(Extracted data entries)

-- Opening Marker --

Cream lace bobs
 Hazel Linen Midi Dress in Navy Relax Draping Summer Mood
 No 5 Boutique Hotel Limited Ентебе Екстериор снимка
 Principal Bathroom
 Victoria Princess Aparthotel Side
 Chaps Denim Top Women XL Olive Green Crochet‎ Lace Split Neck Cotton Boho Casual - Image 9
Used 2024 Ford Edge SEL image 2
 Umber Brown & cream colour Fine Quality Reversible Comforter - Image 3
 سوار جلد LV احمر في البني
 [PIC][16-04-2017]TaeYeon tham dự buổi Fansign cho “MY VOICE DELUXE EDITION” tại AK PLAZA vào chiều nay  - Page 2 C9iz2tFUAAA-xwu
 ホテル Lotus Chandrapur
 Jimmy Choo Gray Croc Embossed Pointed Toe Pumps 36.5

-- Closing Marker --

• **About this task**: Starting at the line that contains "سوار جلد LV احمر في البني" and ending at the last line of the data, repeat each line exactly; include nothing else.

• **Answer area**:
 سوار جلد LV احمر في البني
 [PIC][16-04-2017]TaeYeon tham dự buổi Fansign cho “MY VOICE DELUXE EDITION” tại AK PLAZA vào chiều nay  - Page 2 C9iz2tFUAAA-xwu
 ホテル Lotus Chandrapur
 Jimmy Choo Gray Croc Embossed Pointed Toe Pumps 36.5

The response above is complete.